> How to complete this task
Output every line below as it stands, dropping only the images.

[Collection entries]

== == ==

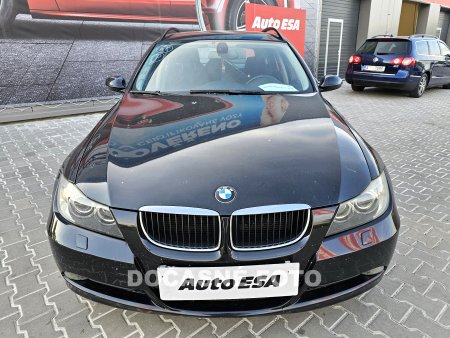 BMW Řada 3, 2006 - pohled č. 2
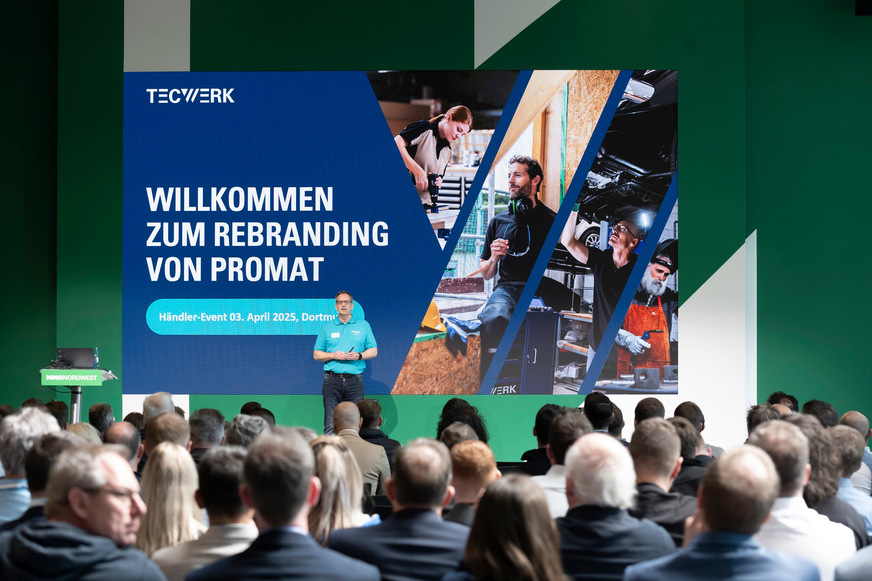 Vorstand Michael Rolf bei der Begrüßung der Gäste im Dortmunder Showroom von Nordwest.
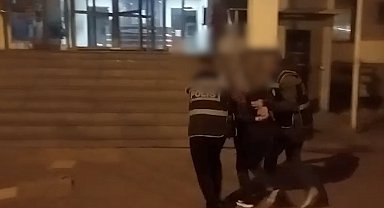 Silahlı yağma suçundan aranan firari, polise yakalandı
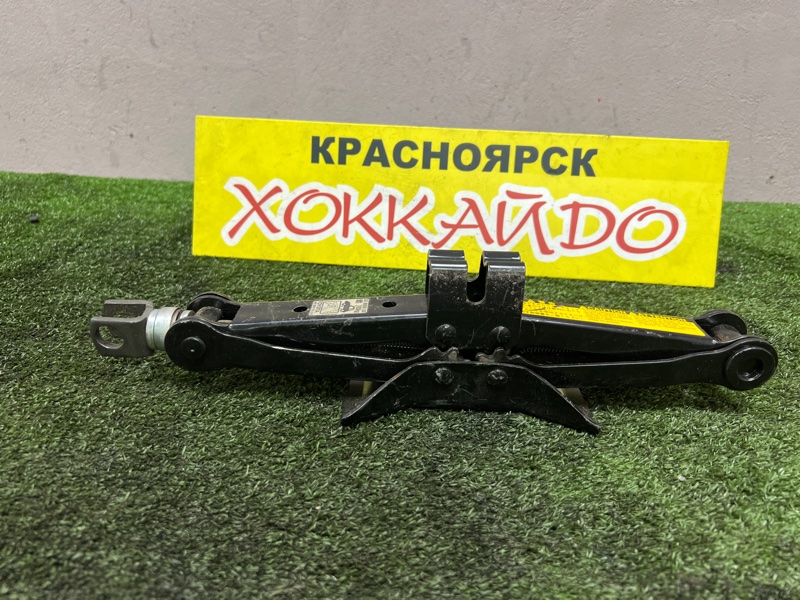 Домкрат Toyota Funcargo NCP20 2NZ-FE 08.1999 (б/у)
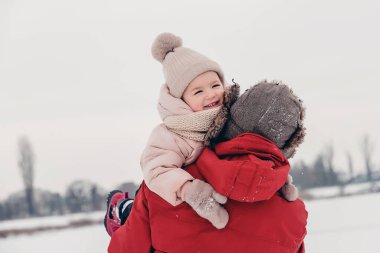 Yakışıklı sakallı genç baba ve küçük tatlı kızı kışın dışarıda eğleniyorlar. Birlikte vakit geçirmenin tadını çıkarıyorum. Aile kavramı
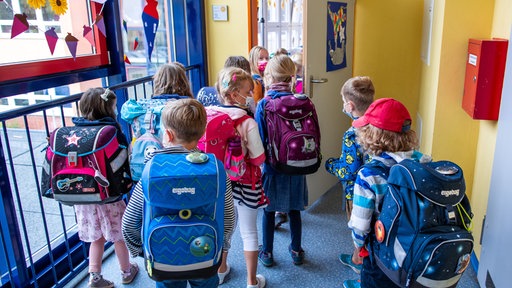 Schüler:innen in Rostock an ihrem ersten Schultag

== == ==

> Output of the exercise
 BMW Řada 3, 2006 - pohled č. 2
 Vorstand Michael Rolf bei der Begrüßung der Gäste im Dortmunder Showroom von Nordwest.
 Silahlı yağma suçundan aranan firari, polise yakalandı
 Домкрат Toyota Funcargo NCP20 2NZ-FE 08.1999 (б/у)
 Yakışıklı sakallı genç baba ve küçük tatlı kızı kışın dışarıda eğleniyorlar. Birlikte vakit geçirmenin tadını çıkarıyorum. Aile kavramı
 Schüler:innen in Rostock an ihrem ersten Schultag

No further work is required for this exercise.